Bunun üzerine yollarını kaybetmemek için gerisin geri izlerini takip ederek geri döndüler. Buhârî'de şöyle denilmektedir:

"... Hızır'ı denizin ortasında elbisesiyle örtünmüş olarak küçük bir yeşil yaygı üzerinde buldular. Örtüsünün bir tarafını ayaklarının altına, diğer tarafını başının altına almıştı. Mûsa ona selam verdi. Yüzünü açarak: Senin bulunduğun yerde selam diye bir şey var mı? Sen kimsin? dedi. Ben Mûsa'yım dedi. İsrailoğullarının Mûsa'sı mı? diye sordu. Mûsa: Evet deyince, ne işin var? diye sordu. Mûsa dedi ki: Sana Öğretilen doğru ilimden bana da öğretmen üzere geldim, dedi..." Buhârî, Tefsir İH. sûre 3; Müsned, V, 121 ve hadisin geri kalan bölümlerini zikretti.

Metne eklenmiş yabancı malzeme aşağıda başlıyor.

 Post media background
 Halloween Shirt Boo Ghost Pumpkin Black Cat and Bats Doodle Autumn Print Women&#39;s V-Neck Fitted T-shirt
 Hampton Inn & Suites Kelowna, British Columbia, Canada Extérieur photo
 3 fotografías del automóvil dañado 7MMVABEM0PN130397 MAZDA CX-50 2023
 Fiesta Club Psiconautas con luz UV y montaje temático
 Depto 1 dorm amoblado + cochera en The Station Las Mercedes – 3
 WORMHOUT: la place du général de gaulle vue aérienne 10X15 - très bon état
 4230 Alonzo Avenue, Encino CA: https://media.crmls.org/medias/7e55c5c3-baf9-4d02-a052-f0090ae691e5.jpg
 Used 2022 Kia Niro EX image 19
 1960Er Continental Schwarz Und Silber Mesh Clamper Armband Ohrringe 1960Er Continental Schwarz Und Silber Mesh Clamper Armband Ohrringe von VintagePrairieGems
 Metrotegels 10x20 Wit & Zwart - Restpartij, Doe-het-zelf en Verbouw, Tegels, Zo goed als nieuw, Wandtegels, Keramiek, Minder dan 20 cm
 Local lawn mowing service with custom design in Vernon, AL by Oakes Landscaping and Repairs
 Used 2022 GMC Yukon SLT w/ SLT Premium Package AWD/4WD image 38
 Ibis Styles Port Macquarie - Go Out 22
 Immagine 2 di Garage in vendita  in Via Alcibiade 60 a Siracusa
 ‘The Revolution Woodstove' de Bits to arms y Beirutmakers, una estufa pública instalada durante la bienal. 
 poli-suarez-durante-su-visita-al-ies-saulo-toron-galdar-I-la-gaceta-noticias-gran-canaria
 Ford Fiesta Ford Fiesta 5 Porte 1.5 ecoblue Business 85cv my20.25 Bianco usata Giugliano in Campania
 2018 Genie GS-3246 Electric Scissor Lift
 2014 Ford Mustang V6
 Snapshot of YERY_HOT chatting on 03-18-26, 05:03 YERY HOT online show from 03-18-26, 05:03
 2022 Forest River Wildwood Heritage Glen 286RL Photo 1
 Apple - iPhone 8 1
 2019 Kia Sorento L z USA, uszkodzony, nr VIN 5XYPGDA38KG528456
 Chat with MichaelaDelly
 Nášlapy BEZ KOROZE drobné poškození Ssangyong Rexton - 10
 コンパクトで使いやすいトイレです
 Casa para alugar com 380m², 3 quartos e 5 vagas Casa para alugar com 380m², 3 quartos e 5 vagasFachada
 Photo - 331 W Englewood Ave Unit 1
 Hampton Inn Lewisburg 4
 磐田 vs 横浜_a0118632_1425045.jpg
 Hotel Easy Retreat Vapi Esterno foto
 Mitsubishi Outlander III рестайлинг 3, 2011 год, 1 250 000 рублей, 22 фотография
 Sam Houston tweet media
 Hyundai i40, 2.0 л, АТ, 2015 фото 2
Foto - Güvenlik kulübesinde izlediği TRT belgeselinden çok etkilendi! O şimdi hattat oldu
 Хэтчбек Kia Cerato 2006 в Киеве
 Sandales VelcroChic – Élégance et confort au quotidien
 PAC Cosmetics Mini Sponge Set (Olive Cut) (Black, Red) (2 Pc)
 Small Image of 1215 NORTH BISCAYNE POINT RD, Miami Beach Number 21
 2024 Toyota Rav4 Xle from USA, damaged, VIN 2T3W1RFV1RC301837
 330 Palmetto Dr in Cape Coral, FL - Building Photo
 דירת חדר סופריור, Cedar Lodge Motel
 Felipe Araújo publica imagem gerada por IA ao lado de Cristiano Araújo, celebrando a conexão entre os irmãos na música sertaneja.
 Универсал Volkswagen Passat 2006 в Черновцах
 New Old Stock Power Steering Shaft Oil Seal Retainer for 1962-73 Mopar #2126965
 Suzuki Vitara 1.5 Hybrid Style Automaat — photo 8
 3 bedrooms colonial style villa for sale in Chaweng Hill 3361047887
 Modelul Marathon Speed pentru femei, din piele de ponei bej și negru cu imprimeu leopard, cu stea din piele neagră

es-Sa'lebî de "el-Arâis" adlı eserinde der ki: Mûsa ve beraberindeki genç delikanlı Hızır'ı suyun üzerinde yeşil bir yaygıya uzanmış uyur halde buldular. Üzerinde de yeşil bir örtü vardı. Mûsa ona selam verdi, yüzünü açıp dedi ki: Bizim bu topraklarımızda selam da nerden geldi? Sonra başını kaldırıp olurdu ve: Sana da selam olsun, ey İsrailoğullarının peygamberi, dedi. Mûsa ona: Sen beni nereden tanıyorsun? Benim İsrailoğullarının peygamberi olduğumu, sana kim haber verdi!? dedi. Hızır: Sana beni haber veren ve benim bulunduğum yeri bildiren bana söyledi, dedikten sunra şöyle devam etti: Ey Mûsa, senin İsrailoğulları arasında bir meşguliyetin vardı. Mûsa (aleyhisselâm) dedi ki; Rabbim beni sana uyayım ve senin bilginden bir şeyler öğreneyim diye gönderdi. Sonra oturup, konuşmaya koyuldular. Bu sırada dişi bir kırlangıç geldi ve gagasıyla sudan aldı... ileride geleceği üzere hadisin geri kalan bölümünü zikretti.